Q.  Who has been the strongest influence on you as a haiku poet, and why?

A. That would probably be SUGAWA Yoko, my homestay mother in 1991, who first introduced me to haiku. Other strong influences come from KATOH Shuuson and from KANEKO Tohta. The former for haiku practice and the latter for haiku theory.


Dhugal LINDSAY (1971- ) Born in Rockhampton, Australia. Presently doing scientific research on deep sea midwater organisms using crewed submersibles and remotely operated vehicles at the Japan Marine Science and Technology Center (JAMSTEC).

First became interested in haiku through his host family while in Japan for a one year exchange to Keio University in 1991. Joined SUGAWA Yoko's "Fuyoh" (Rose Mallow) haiku group and KATOH Shuuson's "Kanrai" (Midwinter Thunder) haiku group in 1991. Joined "Haiku International" haiku group in 1993 and started attending "Riku" and "Kaitei" workshops upon invitation. Occasional appearances at haiku workshops and discussion panels nationwide, on national television as a guest poet and/or member of a judging panel, and on national radio (Japan/NHK and Australia/ABC). His work has been introduced in the Yomiuri Shimbun, Asahi Shimbun and Japan Times newspapers in Japan and in The Australian newspaper in Australia as well as in numerous journals and haiku-related magazines.
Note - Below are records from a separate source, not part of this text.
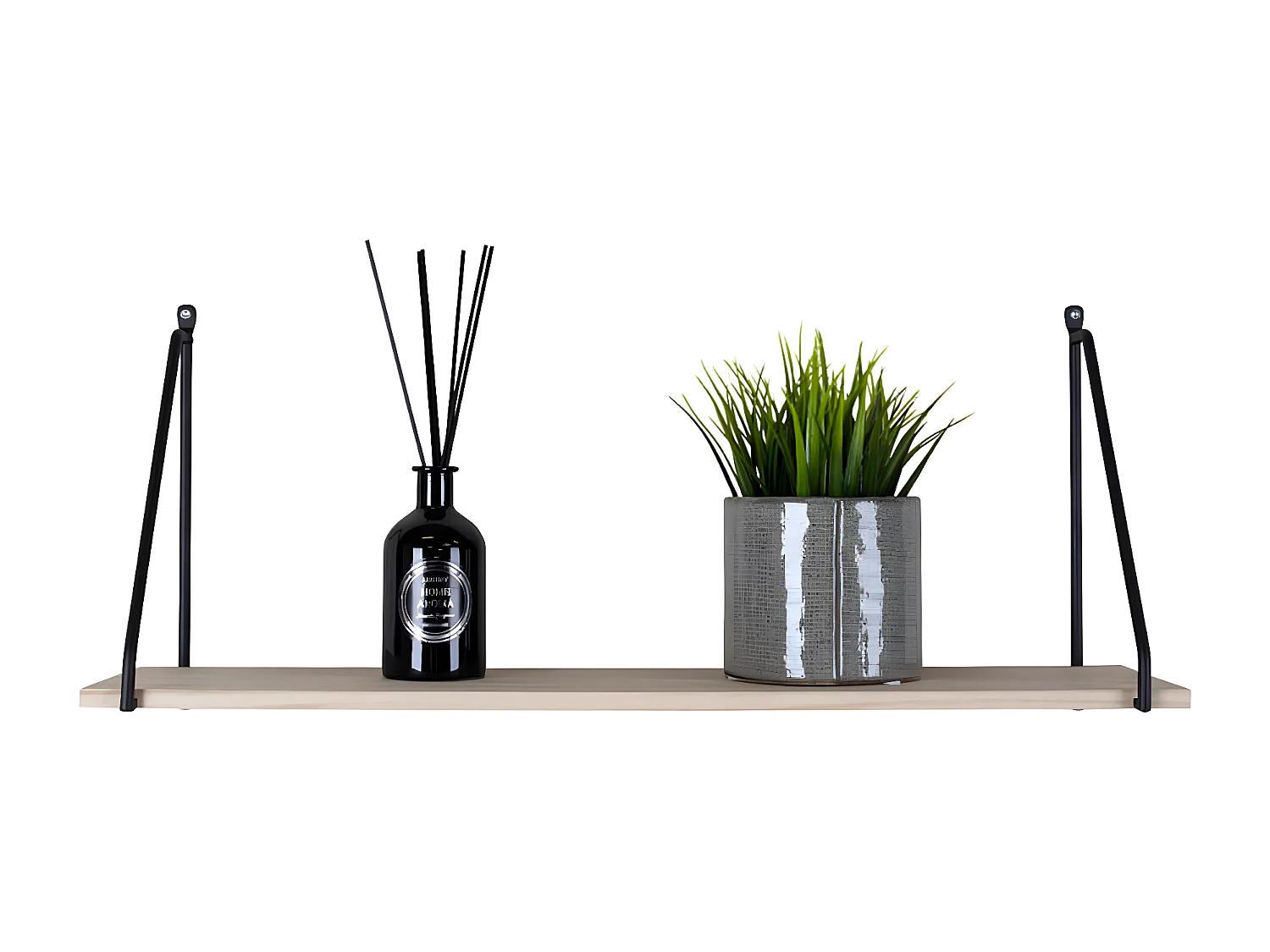 SALINAS - Etagère Murale Bois et Acier Noir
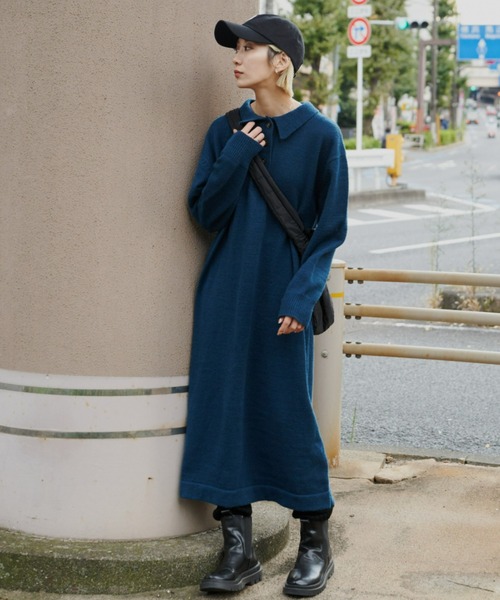 Auntie Rosa Holiday(アンティローザホリデー)の「ポロニットワンピース(ワンピース・レディース・ブラック/ネイビー/オフホワイト・FREE)」の16枚目の写真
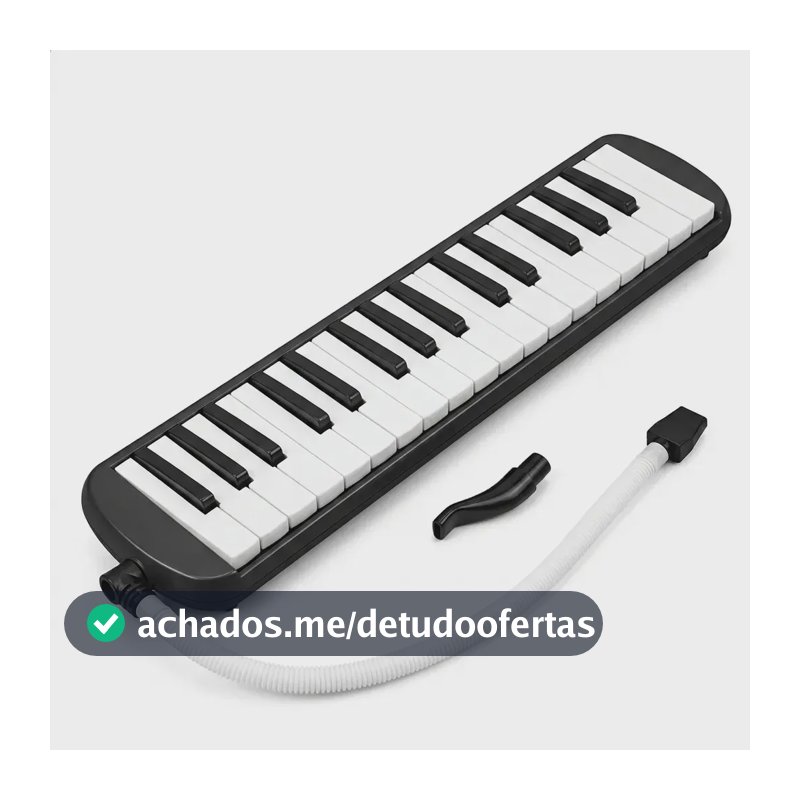 Escaleta Teclado Sopro Musical 32 Teclas PRETO Instrumento Portátil Estudo Iniciante Aulas Melodias Prática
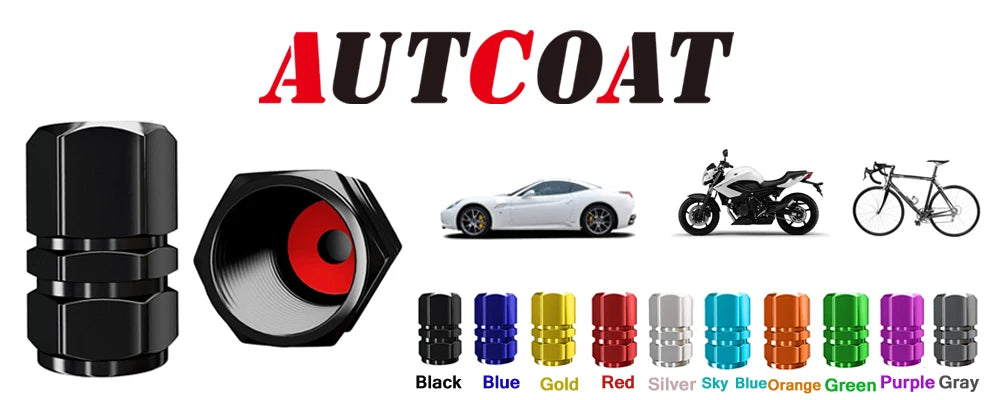 Aluminum Tire Valve Caps with Rubber Seals – Set of 4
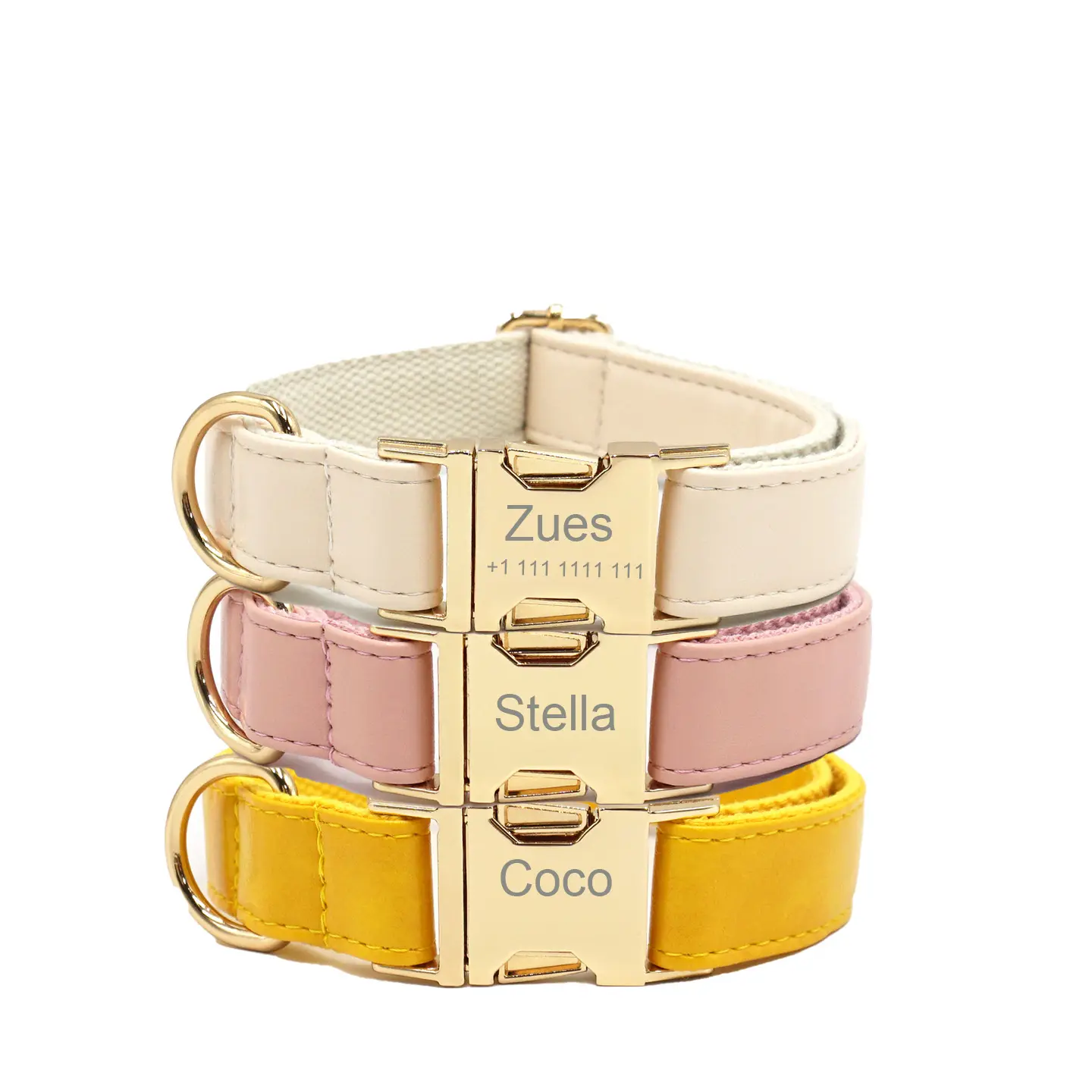 Personalized Dog Collar Textured Leather 1Pc Custom Laser Engraved Soft Cotton  Nameplate Durable ID Durable Material Easy to Install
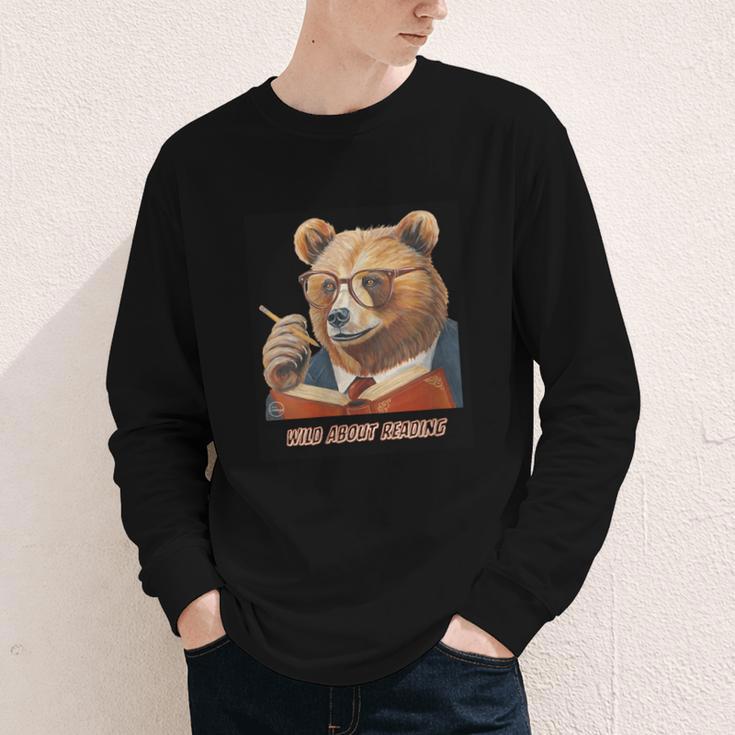 Bear Reading Book Glasses Library Zoo Teacher School Animal Youth Long Sleeve Tee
Editor of the Haiku Universe Internet page and coeditor of Fuyoh. "The first Westerner I have come across to make haiku of substance in the Japanese language." -KANEKO Tohta, honorary chair of the Modern Haiku Society (of Japan).

Work published in English in the books Haiku Seasons, Global Haiku, and the Australian Haiku Anthology, in the journals Modern Haiku, Haiku International, South by Southeast, Paper Wasp, Acorn and Rose Mallow, and in electronic form at HaikuOz, the Australian Haiku Society web page (http://users.mullum.com.au/jbird/ahs.html). His essays have appeared in Modern Haiku, Acorn and Rose Mallow. His first haiku collection, Mutsugoro (The Mudskipper), published in 2001, won the 7th NakaNiida Haiku Award for best haiku collection by a developing poet (first time a non-Japanese has ever won a haiku award competing with other haiku poets composing in Japanese.)